Both those points were true. The Fat Lady weighed nearly ten tons, which was more than any bomber could carry. And anything bigger than a Piper Cub drew the Lizards’ immediate and hostile attention. Groves didn’t know how to make a nuclear weapon small enough to fit into a Piper Cub, but he did know that, no matter what the
Luftwaffe
thought, you didn’t have to deliver a bomb by air.

“I promise you, Dr. Szilard: we will manage when the time comes,” he said, and let it go at that. He didn’t want everybody to hear what the delivery plans were. Security wasn’t as tight as it had been with the Japs and Nazis to worry about; he had trouble imagining anybody vile enough to want to betray American atomic secrets to the Lizards. But he was just an engineer, and knew his imagination had limits. What was unthinkable for him might not be for someone else.
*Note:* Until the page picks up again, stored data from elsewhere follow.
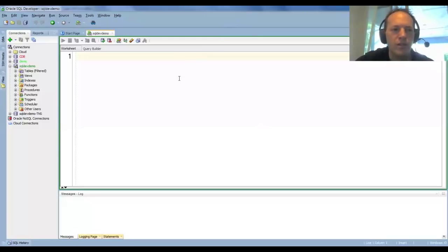Welcome, everyone. My name is Jeff Smith, and today I'm going to show you how to find columns in your database.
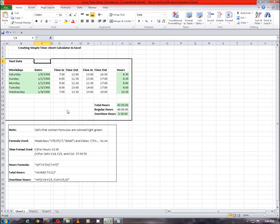Hello viewers, today we will create a simple timesheet calculator in Excel to find out the number of overtime hours in a week.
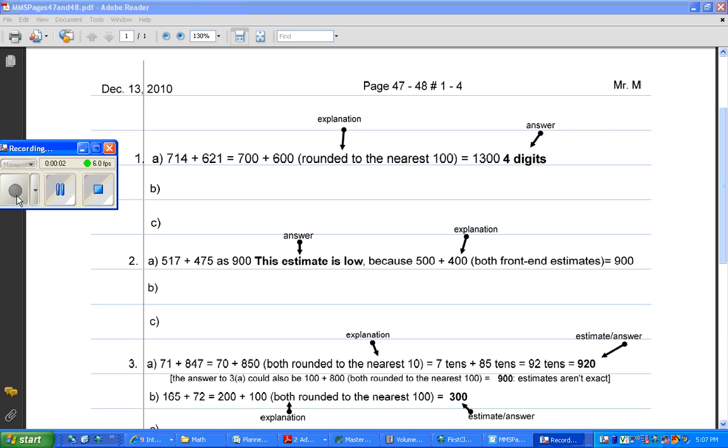Boys and girls, today your assignment is going to be to do page 47 to 48, numbers 1 to 4. I will show you how to do 1A, 2A, 3A, and 3B.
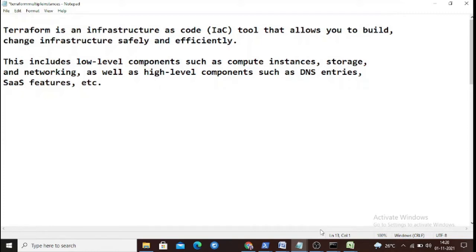Welcome to the Terraform tutorial. In the previous video we saw how to provision an AWS instance using Terraform. Terraform is the most popular infrastructure as code tool, compared with Ansible and others like Chef and Puppet. It has become popular because Terraform provides configurations in a simple, readable format. It is a tool where we can build and change infrastructure safely and efficiently, and it is a provisioning tool for multiple cloud providers.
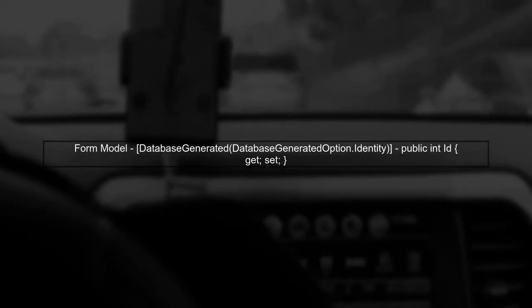In your form model, the ID property is marked with database-generated option dot identity. This means that the database will automatically generate a value for this column when a new record is inserted.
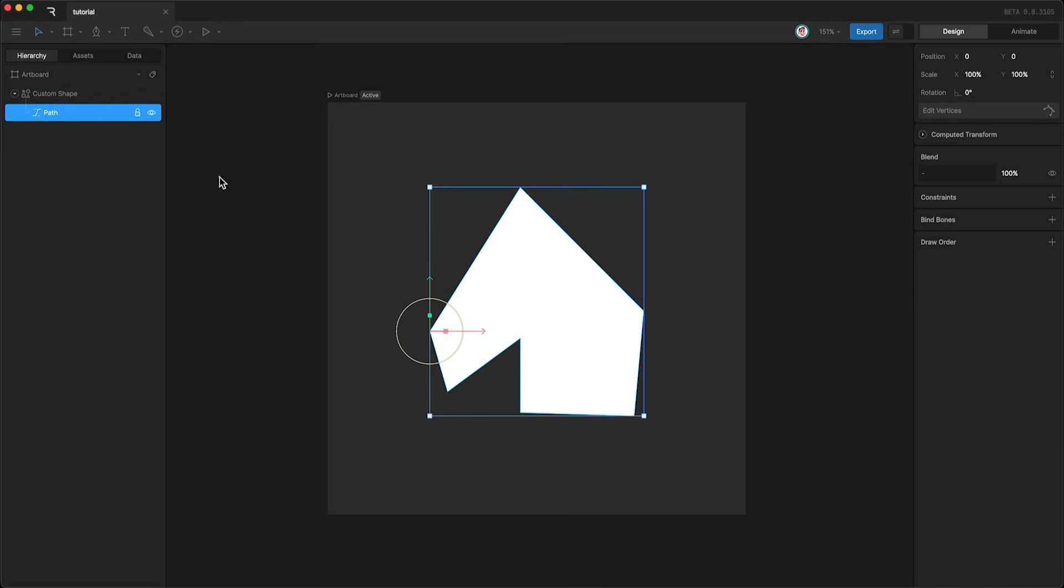The path, however, controls the actual form of the object and we can change this form by editing the vertices, by clicking this or tapping enter.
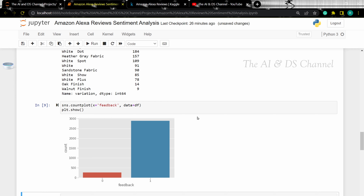Instead of using a count plot, we can also use a pie chart to see the distribution of the different sentiments.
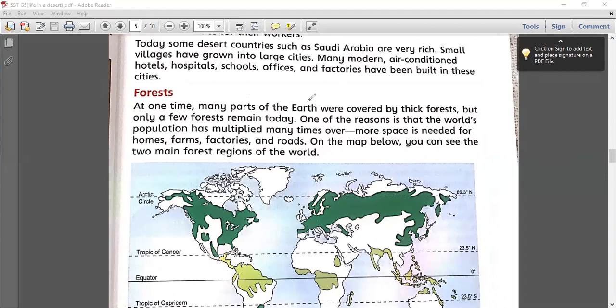We discussed that there were a lot of forests when this earth came into being. Many years ago, many parts of the earth were covered by thick forest and industrialization was not like it is today. But as urbanization grew, cities were developed, and industries and factories were built, so that part of the forest was turned into civilized cities and societies.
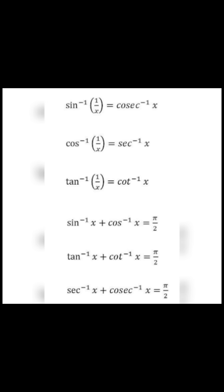Now we will cover the next formulas. cos inverse (1/x) is equal to sec inverse x. tan inverse (1/x) is equal to cot inverse x. sin inverse x + cos inverse x is equal to π/2. tan inverse x + cot inverse x is equal to π/2.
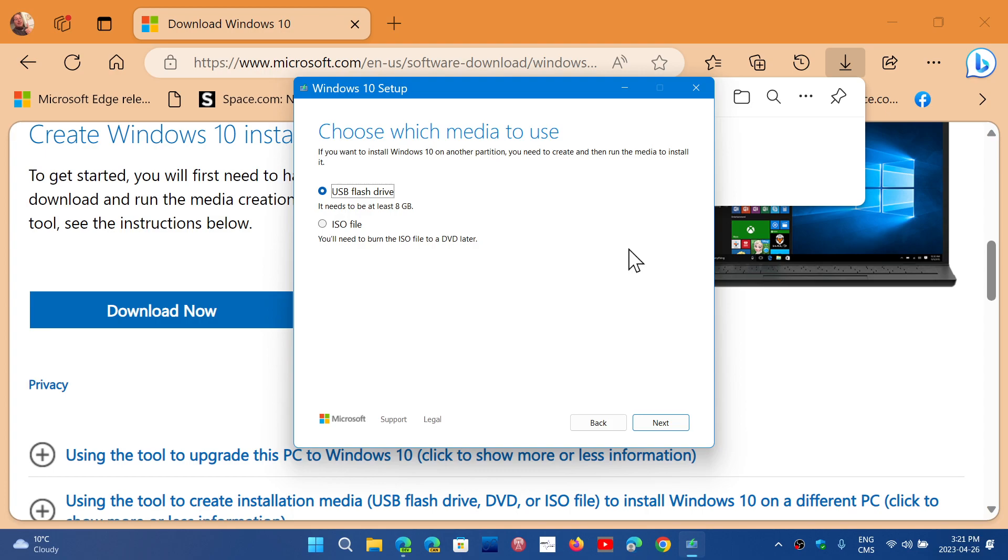But activating it means you need to have a key that will actually activate it, either a Windows 10 key or still today, Windows 7, Windows 8 keys still work to actually activate Windows 10, if the keys have never been used for that purpose.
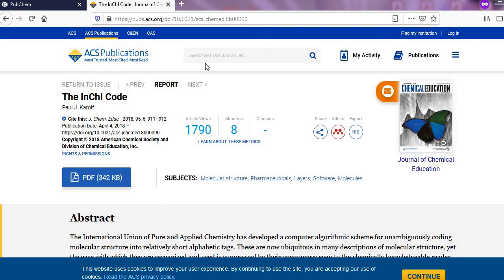For more reading you can access ACS article on InChI code. The DOI number is given in the description.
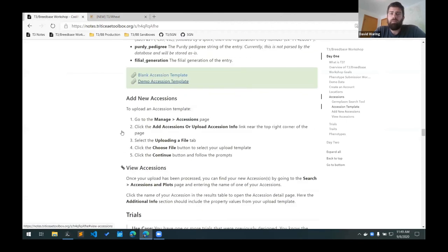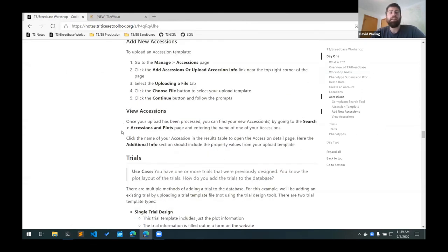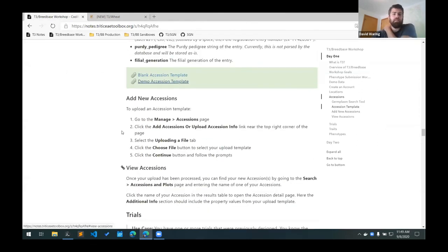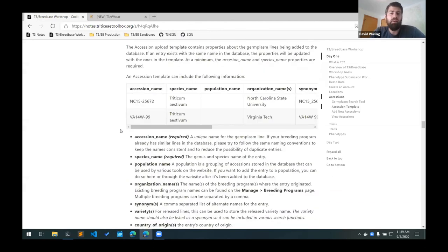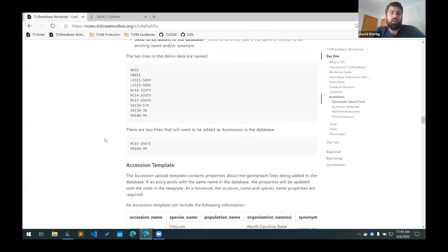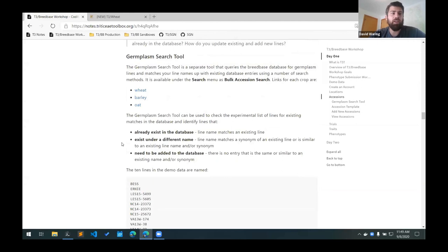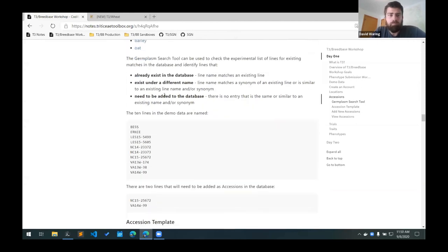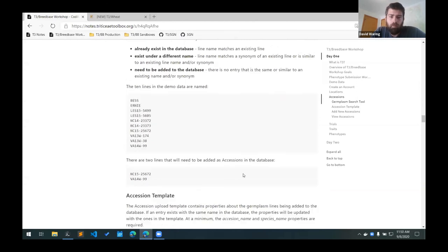All right, any questions on adding germplasm to the database? And now the trickiest part is making sure that we're not adding duplicates. So I'd highly encourage everyone to use this germplasm search tool to search your germplasm names to make sure that they don't exist in the database already.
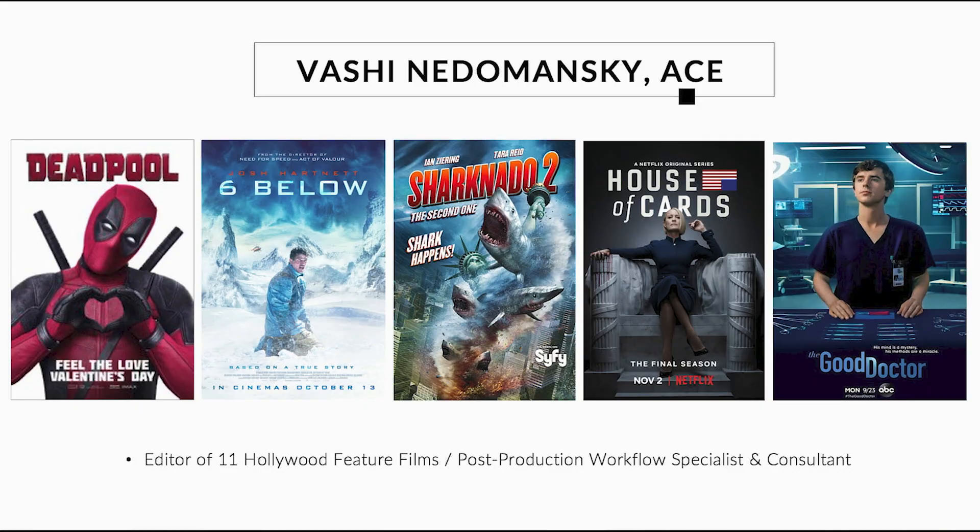Hi, I'm Vashi Neromanski, feature film editor and co-founder of Vashi Visuals.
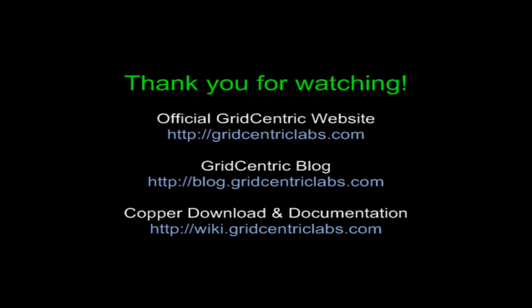Thank you for watching. You can get more information about Copper at gridcentriclabs.com. You can also visit the blog for informative posts on virtualizing distributed applications easily on top of the Copper platform, or visit our wiki site for documentation.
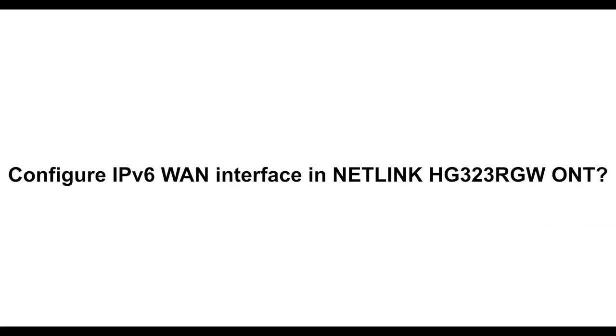Configure IPv6 WAN interface in Netlink HG323RGW ONT.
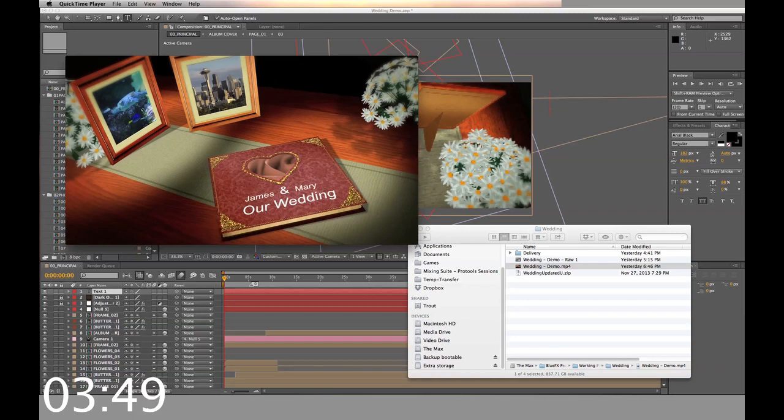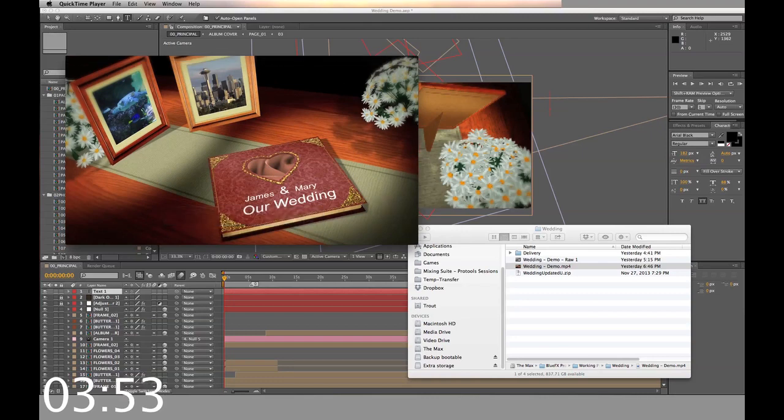Hey, it looks great. You can download this template right now. Just go ahead and click the Buy Now button. Thanks for watching.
“How do we even get the thing out of the reprocessing plant?” a technician asked. He worked at one of the piles, not here where the plutonium was extracted and the bomb made. Groves just pointed to the wooden cart on which the Fat Lady sat. It had wheels. The technician looked foolish.

He needn’t have. Moving ten tons was no laughing matter, especially when those ten tons included complicated gadgetry and had to be moved in utmost secrecy. Groves had most of the answers now. Inside a week, he needed all of them. He was confident he’d get them. Moving heavy things from one place to another was a technology mankind had had under control since the days of the Pharaohs.

Somebody said, “We got our bombs now. How soon will the Germans have theirs? When will the Russians set off another one? What about the Japs?”

“If there are no other questions, class is dismissed,” Groves said solemnly. That got the laugh he’d hoped for. When it was over, he went on, “The Germans aren’t very far behind us. If they hadn’t had their, ah, accident, they might be ahead of us.”

The intelligence information on which he based that wasn’t firsthand. Much of it came from things Molotov had said when he was in New York. Where Molotov had got it, Groves didn’t know. The Russians had been wrong about the Germans before, generally to their sorrow.